Antonina Fedorivna Prykhotko (Антоніна Федорівна Прихотько; 26 April 1906, Pyatigorsk - 29 September 1995, Kyiv), was a Soviet and Ukrainian experimental physicist. She was an Academician of the National Academy of Sciences of Ukraine and is known for her fundamental contributions to the condensed matter spectroscopy.

==Career==
Prykhotko was accepted to the Leningrad Polytechnical Institute in 1923 and graduated in 1929. Still as a Junior, she started research on spectroscopy under the supervision of Ivan V. Obreimov, and finally earned a PhD in this field under his guidance. In 1930, she moved to the newly established Kharkiv Institute of Physics and Technology for working with Obreimov on low-temperature spectroscopy of molecular crystals, a field pioneered by him, in the first in the USSR cryogenic laboratory created by Lev Shubnikov. This research was primary focused on comparing the spectra of vapors and crystals of weakly interacting molecules that at low temperature manifest a number of narrow bands due to the freezing-out the thermal motion of molecules.
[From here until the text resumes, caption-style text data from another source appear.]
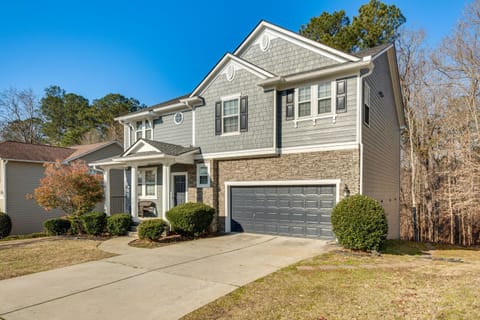 Atlanta Luxe Elegant Group Retreat and Social Hub House in Georgia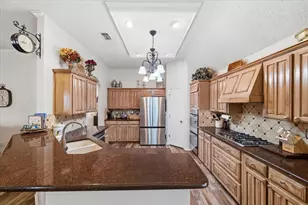 2117 Pinwood Cir, Arlington, TX 76001 - Photo 20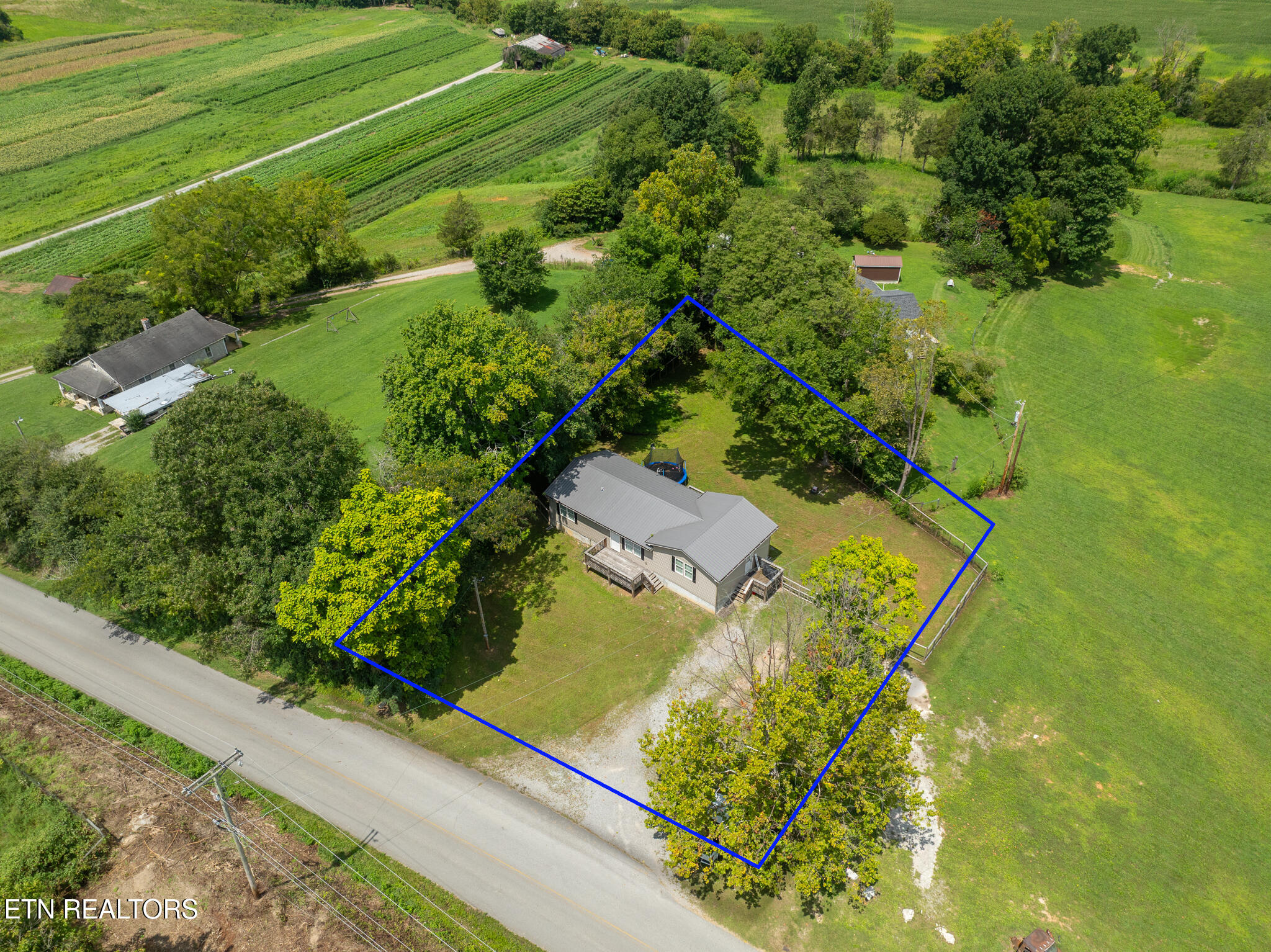3406 Back Valley Road Speedwell TN 37870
In this way Obreimov and Prykhotko investigated a wide class of inorganic and organic molecular crystals and detected optically low-temperature transitions between their different phases. The principal technical advances were in taking absorption spectra in polarized light and measuring dispersion, including the anomalous dispersion near the absorption lines, at low temperatures. During World War II, Prykhotko worked in the city of Ufa where a number of Institutions of the Ukrainian Academy of Sciences was evacuated. Since 1944 Prykhotko worked in Kyiv, in the Institute of Physics, where here husband, a prominent Soviet nuclear physicist Aleksandr Leipunskii, was appointed as a Director. There she established a Division of the Physics of Crystals.
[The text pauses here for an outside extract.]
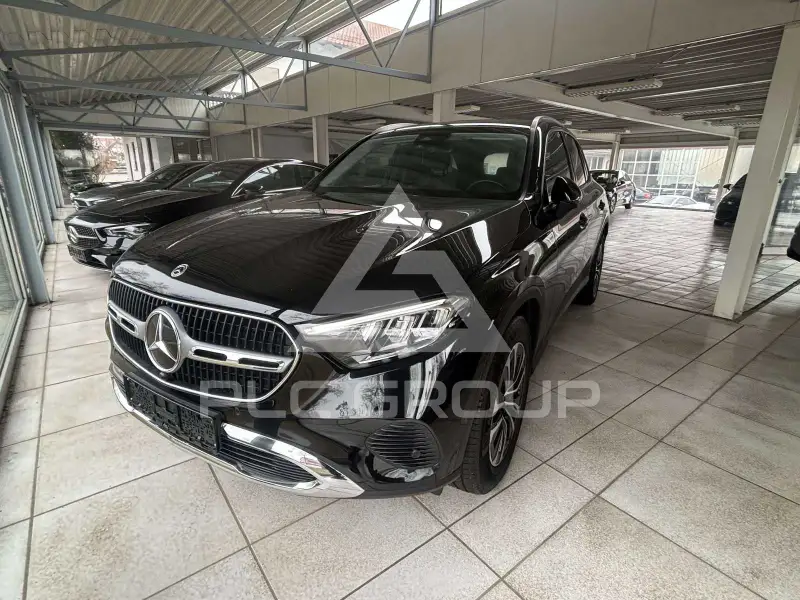 2024 Mercedes Benz GLC 220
The principal discovery of Prykhotko was published in her 1944 paper based on the experimental data collected still in Kharkov, and in her 1948 follow-up paper. She reported the discovery in the absorption spectra of monocrystals of naphthalene two new bands that were polarized along the symmetry axes of the crystal, as distinct from the majority of bands that there present in both components of the spectrum at the same frequencies. Because individual molecules in crystalline naphthalene are tilted with respect to the crystal axes, existence of strongly polarized absorption bands proved unambiguously that electronic excitation is not localized at individual molecules but propagates across the crystal. Prykhotko's discovery stimulated development of Davydov' theory of molecular excitons for crystals including several molecules in a unit cell. While existence of excitons was predicted by Yakov Frenkel and afterwards by Gregory Wannier and Nevill Francis Mott, Prykhotko's was the first convincing experimental discovery of excitons. The follow-up experiments on low-temperature spectra of benzine crystals confirmed agreement between the theory and experiment.

During the following years Prykhotko and her collaborators investigated spectra of a number of crystals, and her personal favorite has been crystalline oxygen where electronic excitations combine with magnetic ones.

Since 1965 Prykhotko served as a Director of the Institute of Physics of the National Academy of Sciences of Ukraine. She was awarded a Lenin Prize for her scientific achievements and a title of a Hero of Socialist Labour.